The real heart and soul of this episode was Walter’s conversation with Peck. As a SWAT team gets ready to commit open, government-sanctioned murder on a man who has broken only the laws of nature, Walter sits down to try to talk him out of his plan. As one scientist to another, as one man to another, as onegrieving man to another, Walter communicates with Peck in a way he has never been able to connect with his own son. Guilt has driven a wedge between Walter and Peter; Walter now warns Peck, who is almost his alter ego, that guilt will make it impossible for him to love Arlette as he once did.
But Peck jumps, as we knew he would, and time is “reset” for the rest of the team. Peck jumps to an empty field, which kills all the grass around him, but leaves humans untouched. He races to find Arlette before the car crash, and climbs into the car beside her. Mouthing “I love you”, he tenderly takes her hand, not even paying attention to the truck that bears down on them, which will kill them both. It’s a tragic, poignant, and very satisfying solution to the dilemma Walter faced: if Peck cannot rescue his love, he will die with her.
Even more poignant is the fact that, having already been “reset”, none of the Fringe team members will know or remember this story. The only hint they get is when a letter arrives, months later, from Peck. He had mailed it before his jump, arranging for its delivery much later. In it, Walter finds the one thing he had told Peck would symbolize God’s forgiveness of his breaking the barrier between the worlds: a white tulip. Walter smiles, believing he has been forgiven.
I really liked this story of love and tragedy, with its overtones of scientific arrogance and hard-won humility. Walter, better than any other, understands how badly the best-laid plans can go awry, how evil the outcome of one’s best intentions can be. He knows how hubris is rewarded in this world. Peck, smart enough to find a door to the past, finally proves that he is wise as well. His love for Arlette is less selfish than Walter’s love for Peter. He understands better than Walter that the law of unintended consequences can overrule any other.
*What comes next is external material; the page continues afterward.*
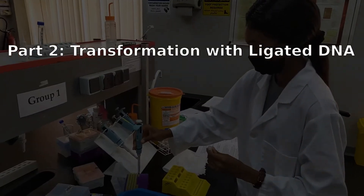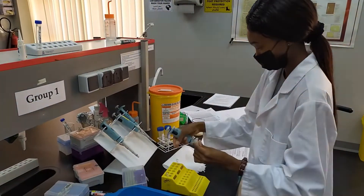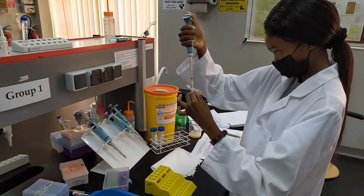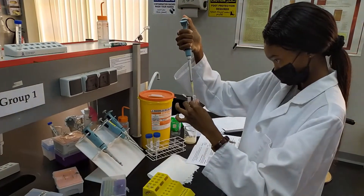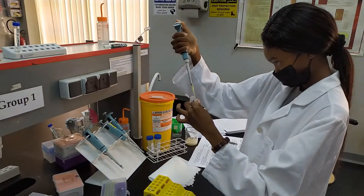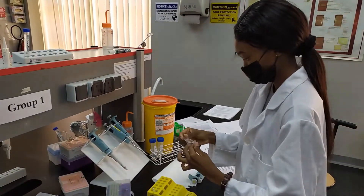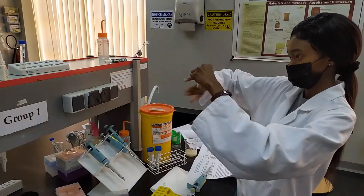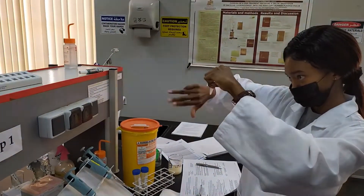After the incubation on ice, you will start with the actual transformation procedure. Two of your cultures will receive different ligation mixtures — use 20 microliters of the ligation mixture per tube, and make sure you keep track of which culture gets which DNA. The third tube will just get 20 microliters of water; this is going to be our negative control. After adding the ligation mixtures, just tap your tubes to mix them and distribute the DNA really well throughout your bacterial samples. Do not vortex.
If the script was a little formulaic (scene one, take three…), the acting in this episode certainly was not. John Noble and Peter Weller are not only fine actors in their own rights, but teachers as well. Their one scene together was a lesson in nuance, in making it all look natural and unforced. In these few minutes, I got to see two masters of the art of acting pull out everything, to play out a subtle and important scene, with so many ramifications about Walter’s character and the entire meaning of the series. This was a privileged moment, one which, as Weller has said of acting itself, expands an audience’s sense of humanity.
Fringe improved on last week’s performance a little, pulling in 6.7 million viewers and garnering a 2.4 share. I am delighted to see more viewers, but a little worried. How many new viewers had any kind of clue what the angst between Peter and Walter was all about? If new audiences so much as blinked during the one-minute now-obligatory flashback at the opening of the show, they would have missed all the backstory that fuels this emotional tension between father and son. I only hope that future episodes will explain a bit more of this, so that what I hope is a burgeoning audience can get with the franchise more quickly. With writing this good, the show deserves at least as long a run as The X-Files.